**EXERCISE DETAILS:**
Print, exactly and with no pictures, the line containing "HARU 含春 Ultra Thin 極潤超薄柔型衛生套, 4個, 4盒" and each line after it to the end of the entries below.

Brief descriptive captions
---+---

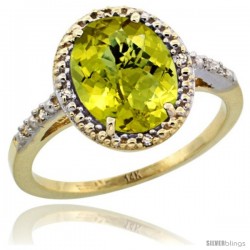 14k Yellow Gold Diamond Lemon QuartzRing 2.4 ct Oval Stone 10x8 mm, 1/2 in wide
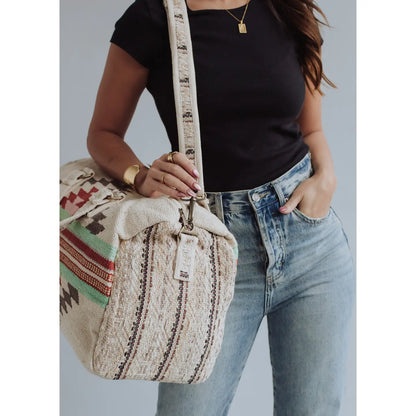 Beige, Brown & Red Aztec Duffel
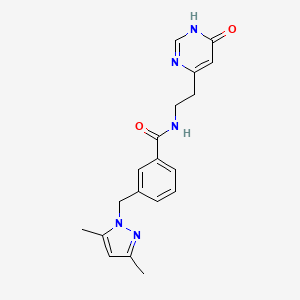 molecular formula C19H21N5O2 B6051817 3-[(3,5-dimethyl-1H-pyrazol-1-yl)methyl]-N-[2-(6-oxo-1,6-dihydropyrimidin-4-yl)ethyl]benzamide 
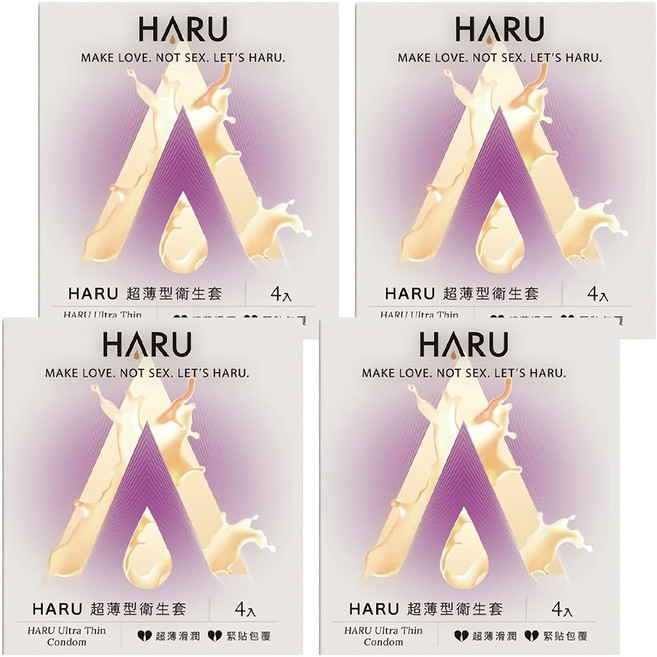 HARU 含春 Ultra Thin 極潤超薄柔型衛生套, 4個, 4盒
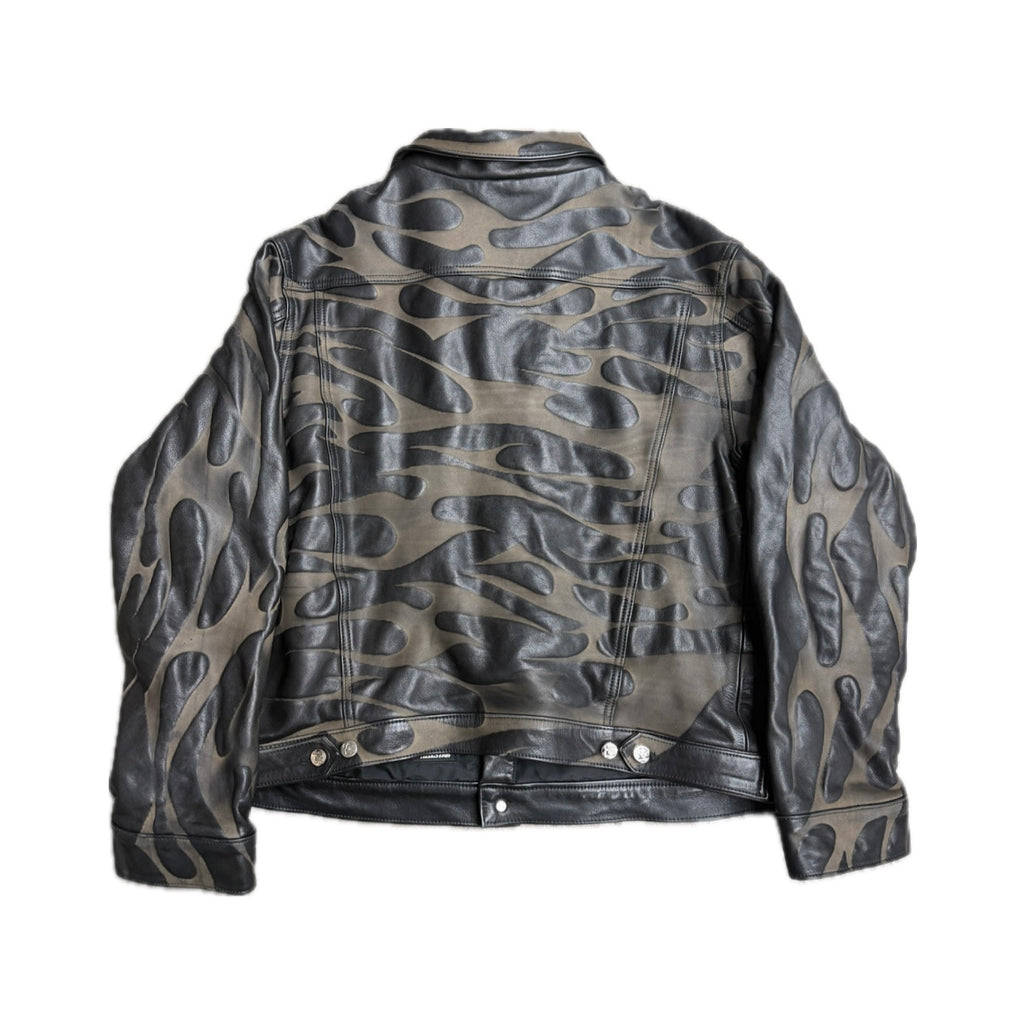 HS Tribal Leather Trucker Jacket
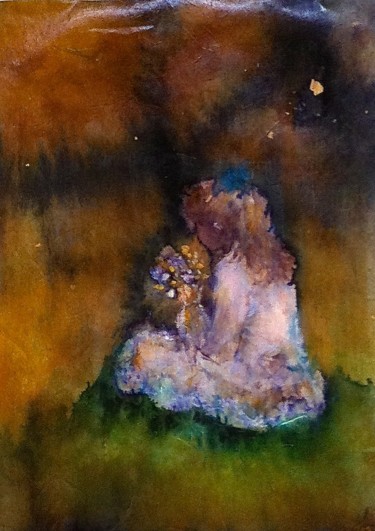 Pittura intitolato "A quoi rêvent les j…" da Marie Claude Lambert, Opera d'arte originale, Inchiostro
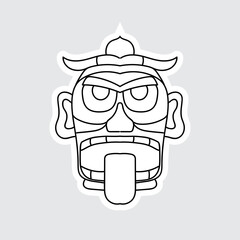 Hand Drawn Totem Line Art Style Design Isolated 
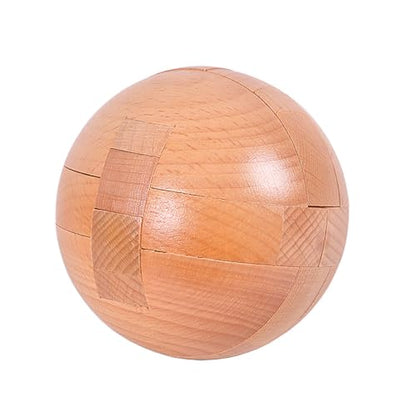 Wooden Brain Teasers Puzzle Handmade Big Wooden Puzzle Magic Ball Toy Intelligence IQ Games 3D Sphere Puzzles for Kids and Adults (Natural Wood) - color: Natural Wood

---+---

**OUTPUT FOR THIS TASK:**
 HARU 含春 Ultra Thin 極潤超薄柔型衛生套, 4個, 4盒
 HS Tribal Leather Trucker Jacket
 Pittura intitolato "A quoi rêvent les j…" da Marie Claude Lambert, Opera d'arte originale, Inchiostro
 Hand Drawn Totem Line Art Style Design Isolated 
 Wooden Brain Teasers Puzzle Handmade Big Wooden Puzzle Magic Ball Toy Intelligence IQ Games 3D Sphere Puzzles for Kids and Adults (Natural Wood) - color: Natural Wood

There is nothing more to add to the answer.